Won’t happen, not a chance

Sir Richard Branson has raised the prospect of planes being made entirely from the so-called wonder material graphene within 10 years, as the airline industry battles a 50pc increase in fuel in the last 12 months, sparking a desperate need for ever lighter fleets.

The Virgin Atlantic president, who founded the airline in 1984, described the super-lightweight material as a ‘breakthrough technology’, which he said could help revolutionise the airline industry and transform its cost base.

It’s wonderful stuff, no doubt about it. But it’ll not be making airplanes in a decade’s time.

For the simple reason that the testing process for a new airplane alloy is more than 10 years.
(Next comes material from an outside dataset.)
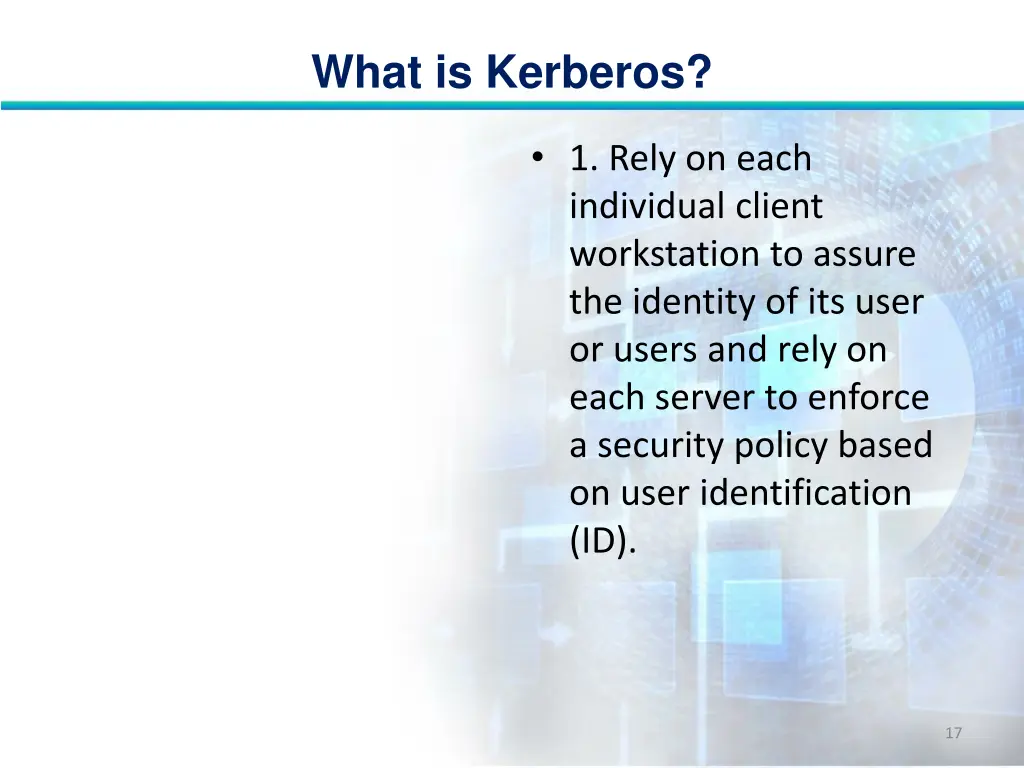 what is kerberos 16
15 comments on “Won’t happen, not a chance

  1. Indeed. I know an aeronautical engineer at the university in Delft who tests the materials to be used in aircraft and the development window is around 12 to 15 years.

  2. Where’s this 50% fuel increase come from? If it’s from an increase in the oil price it’s still way lower than it was for most of the past decade.

  3. Andrew K – “The possibilities of Bakelite are far from exhausted.”

    The Russians had a shortage of aluminium during the war. So one of their fighters used bakelite for its outer skin.

    The Yak-9 I think.

    I am willing to bet that the majority of planes flying today will still be flying in ten years time. And that fuel will be even cheaper.

  4. Ah, if it is Branson, then the plane will be unlikely to fly. That is if there is a functioning schedule. If you do get to the airport and by some miracle have a ticket, there will not be a seat. If you try phoning your account will be blocked because they have lost the connection and unluckily closed your account.

  5. Having enjoyed more than a few crosswind landings in planes built out of metal I’m not entirely convinced of the benefits of jet powered sails.

  6. We certainly need a whole new technology in aircraft design. Being able to adopt new materials without a 10-15 years testing period would be a good one.

  7. The Mosquito proved a wonderful success in The War. It was built of wood.

    In the first lecture I attended in Materials Science, the lecturer declared “There’s a lot to be said for wood as a material of construction.” But strangely he drove a steel car.

  8. @ BiCR
    Yeah! – so that a stress fracture along the grain only affects one layer. That it was invisible to radar was an unplanned bonus.